Abubakar, though never a terrorist, entered Mallam Sidi and participated in the routine: prayers, counselling sessions, vocational lessons. Instructors explained that religion should be a lamp, not a knife. Abubakar learned welding and metalwork.

At the end of the programme, there were promises, such as vocational kits and support that would last long enough for them to plant their feet and begin to walk. But Abubakar was aware that some graduates had already reported that they received nothing or just a fraction of what they were told to expect.

The distance between policy and practice is wide enough to lose a man in.

“But because I know that I had a shop and an inheritance that I could come back to when released, I wasn’t only planning my future on what I learned but on what I left behind,” Abubakar said. But when he returned, everything had been sold. Even the property he had inherited from his father was gone.

At Mallam Sidi, he received a certificate labelling him a “repentant Boko Haram member.” The phrase jarred. He had never been one. He had entered detention as a charcoal seller and a son; he left with nothing but his mother and the ruins of his business.

The homecoming and struggle for survival

His family drove for hours from Kano to  Gombe to meet him as he completed the “deradicalisation programme”. When his mother finally saw him, the years of waiting collapsed into that single moment.

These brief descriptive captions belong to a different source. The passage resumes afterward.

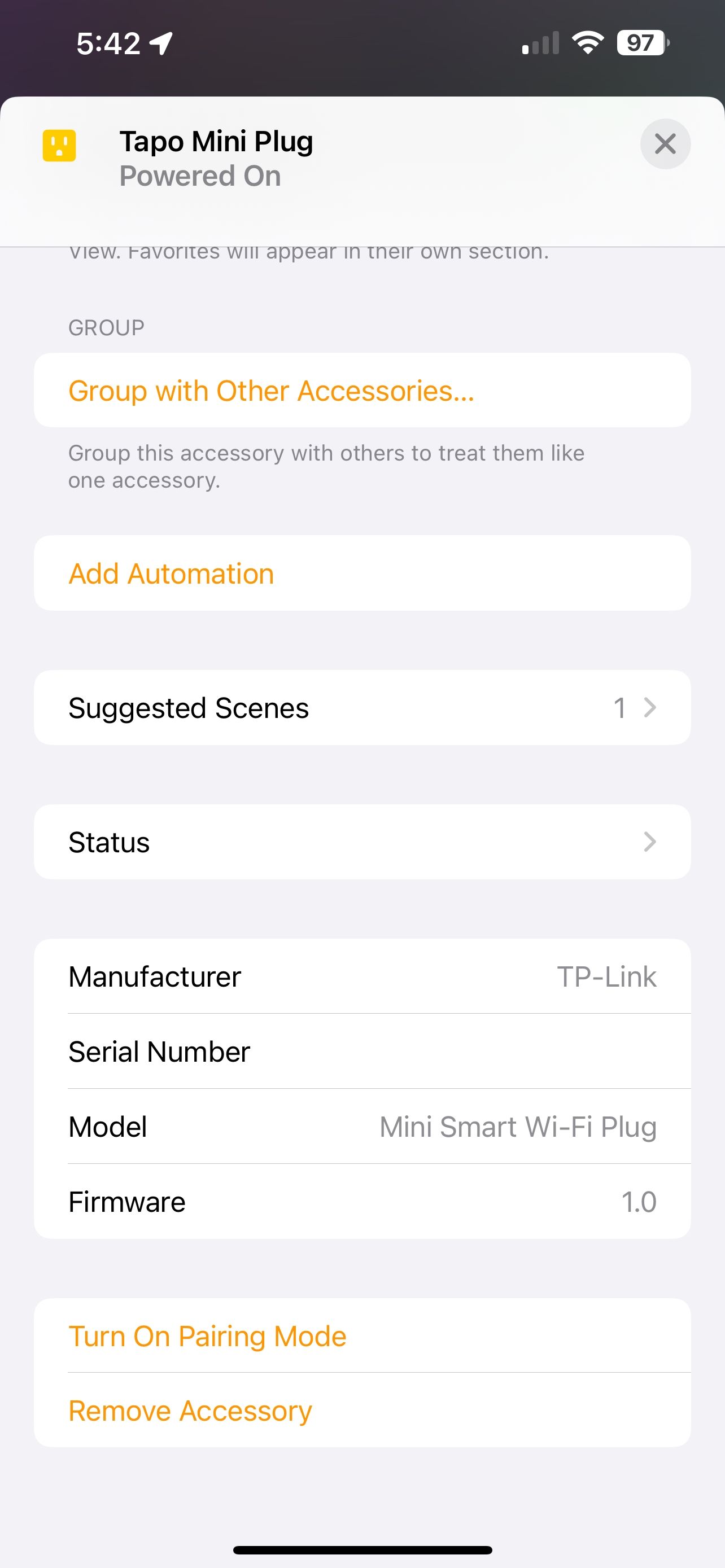 iOS 16 Home App Remove Accessory Option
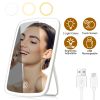 5.98x8.62in Lighted Makeup Mirror Vanity Desk Mirror Small LED Mirror with 3 Light Colors Touch Screen Brightness Adjustable USB Rechargeable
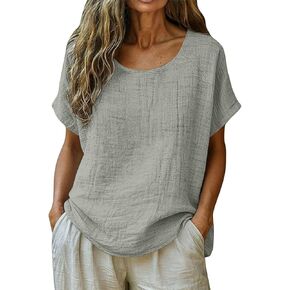 Linen Shirts for Women Summer Cotton Blouses Casual Loose Fit Short Sleeve Tops Oversized Gauze T-Shirt Work Vacation in Kuwait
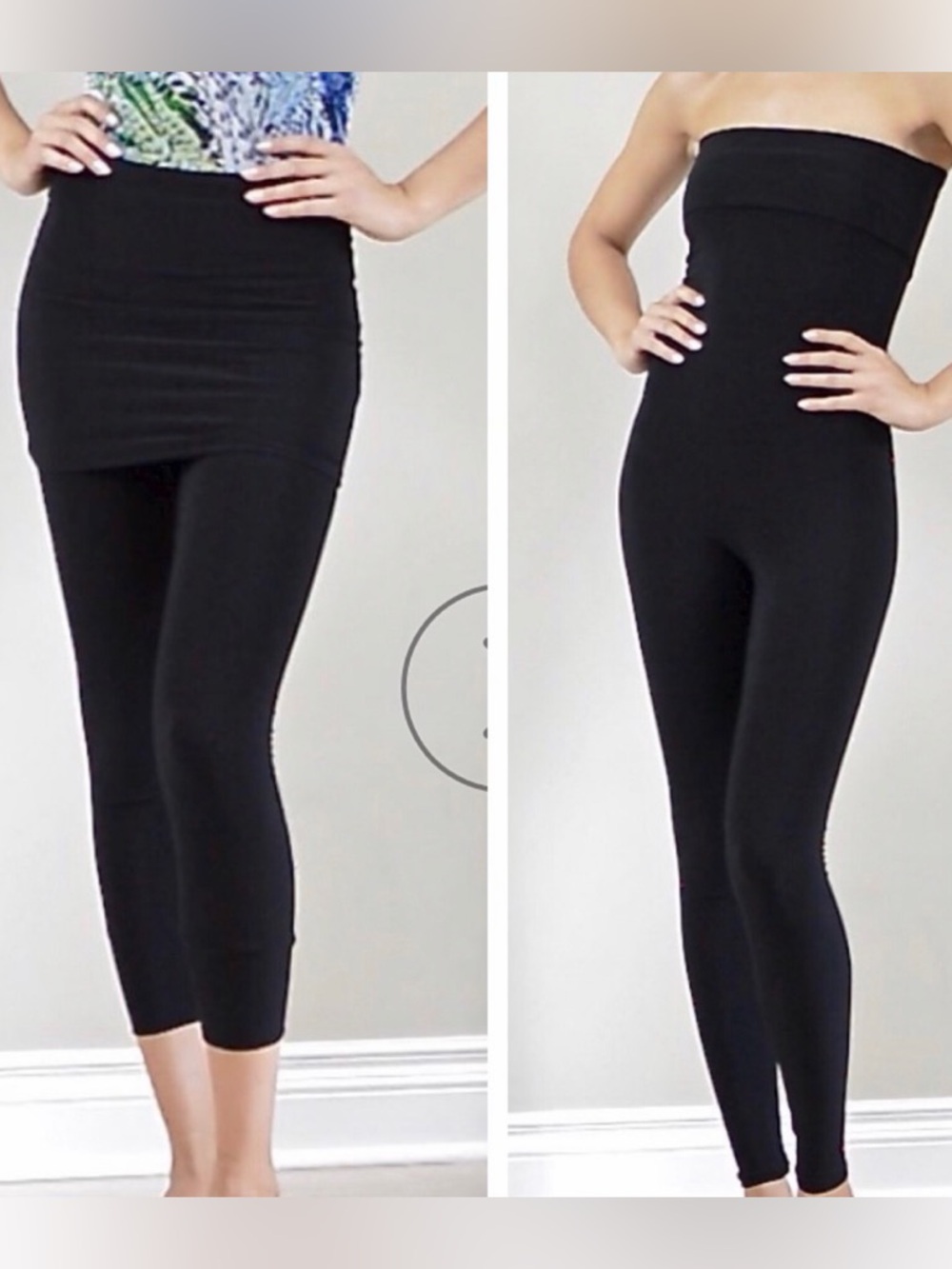 Diane Kroe Travel Tights. Black High-Waist Shaping Leggings with Foldover Panel.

“We were all speechless,” Abubakar recalled. “We couldn’t control ourselves or our emotions; we only cried and cried.” 

The tears were not just for joy. They carried the weight of loss, the years stolen, the sacrifices made, the silence endured. His mother held him tightly, as if her grip alone could keep him from ever slipping away again. But even then, in the shadow of that embrace, they knew their ordeal was not yet over.

Weeks later, Abubakar and 15 other Mallam Sidi graduates were picked up by the Kano State Government and brought to the government house. Though the state governor was unavailable, officials asked them to state their requests. They asked for something simple: support to earn a living, small businesses, vocational tools, and farming inputs. They left hopeful.

But hope has a way of fading. Four months have passed since Abubakar returned, and the promised support remains absent. The family, already drained of resources, now watches him idle at home. The charcoal trade is gone, and opportunities are scarce.

“All I need is something to make me busy, something that I can rebuild my life with, something that can make me hopeful for the future,” he said.

Back in Kofar Waika, Gwale Local Government Area, Abubakar is slowly reintegrating. His friends have accepted him and are supporting him to go back to his former self.

“There was only one time when somebody accused me of being a Boko Haram member, but I didn’t care because I know I’ve never been one,” he said.

But his mother sees him every day, staring into the distance, haunted by what might have been. The reunion was sweet, but the days since have been bitter, reminding them that survival is not only about release, but about the chance to live well again.